This is snippet from my spark application yml file capturing the jars passed in sparkConf

apiVersion: "sparkoperator.k8s.io/v1beta2"
kind: SparkApplication
metadata:
  name: file1
  namespace: spark
spec:
  type: Python
  pythonVersion: "3"
  mainApplicationFile: local:///opt/spark/examples/src/main/python/file11.py
  sparkVersion: "3.1.1"
  sparkConf:
    spark.jars.packages: "org.apache.spark:spark-sql-kafka-0-10_2.12:3.1.2,org.apache.spark:spark-avro_2.12:3.0.0,org.apache.spark:spark-streaming-kafka-0-10_2.12:3.1.2"
    spark.jars.repositories: "https://packages.confluent.io/maven"

Thanks

gauravbh1 commented 3 years ago

Error suggests that the jars are not propagated to the executors. Most probably you are hitting a spark bug https://issues.apache.org/jira/browse/SPARK-35084 You can check this ticket for some suggestions https://github.com/GoogleCloudPlatform/spark-on-k8s-operator/issues/1132 Or Create your own image that includes the required jars and use it in the deployment yaml 1) Download jars corresponding to org.apache.spark:spark-sql-kafka-0-10_2.12:3.1.2,org.apache.spark:spark-avro_2.12:3.0.0,org.apache.spark:spark-streaming-kafka-0-10_2.12:3.1.2 in your local system. 2) Create a docker file using the base image as gcr.io/spark-operator/spark:v3.1.1-hadoop3. 3) In your dockerfile copy the jars downloaded in the first step to the new image.

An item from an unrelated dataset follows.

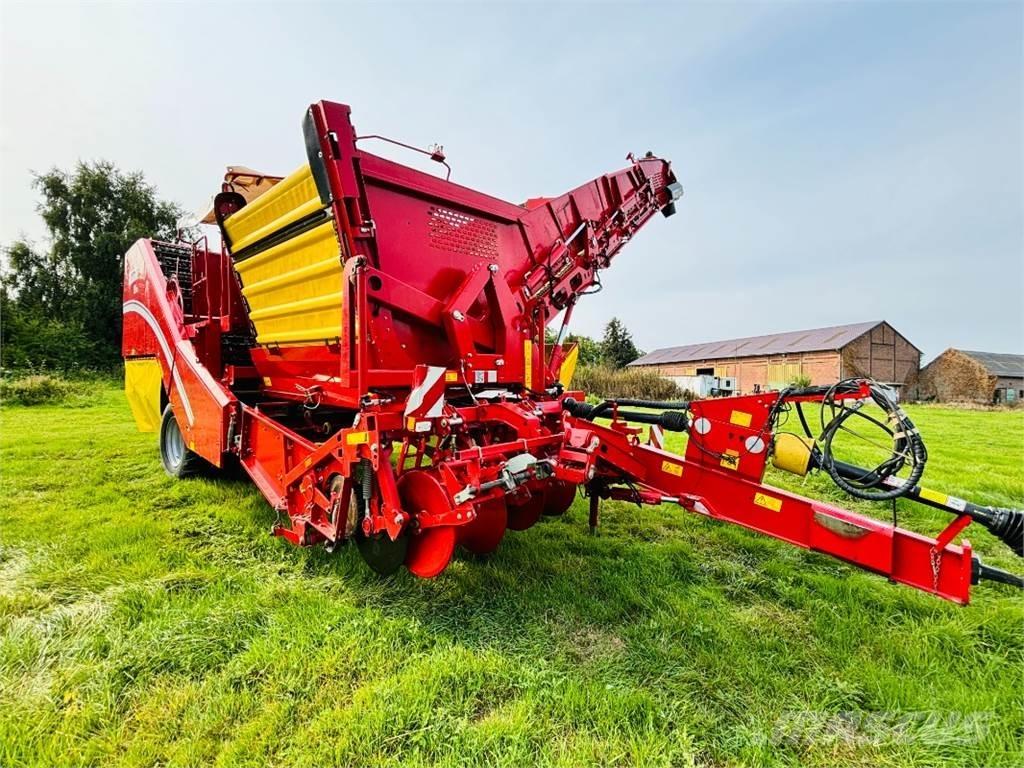Grimme SE 260 UB Potato Harvesters And Diggers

Here's a sample Dockerfile that does what's describe in pt.3

FROM gcr.io/spark-operator/spark:v3.1.1-hadoop3
COPY jars $SPARK_HOME/jars
ENTRYPOINT [ "/opt/entrypoint.sh" ]

and then in a command prompt build it docker build -f <Dockerfile which you created> -t customsparkimage . And then push to your preferred docker registry and use the same image in spark app deployment yaml.

brshravan-tech commented 3 years ago

Thanks @gauravbh1

I will try above suggestion

brshravan-tech commented 3 years ago

@gauravbh1 Can you tell me how I can download above JAR packages? I am new to Spark so not sure how I can download them on my local machine.

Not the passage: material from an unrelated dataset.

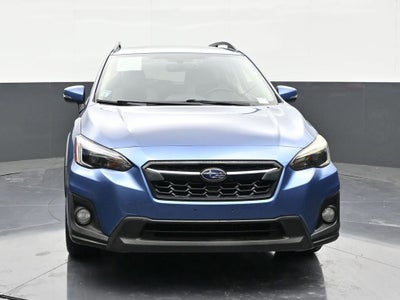 2018 Subaru Crosstrek Limited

gauravbh1 commented 3 years ago

@brshravan-tech You can search the packages in https://mvnrepository.com/ e.g. if you want to download the jar for the package org.apache.spark:spark-sql-kafka-0-10_2.12:3.1.2, search for spark-sql-kafka-0-10. Drill down in the relevant link and download the required versioned jar.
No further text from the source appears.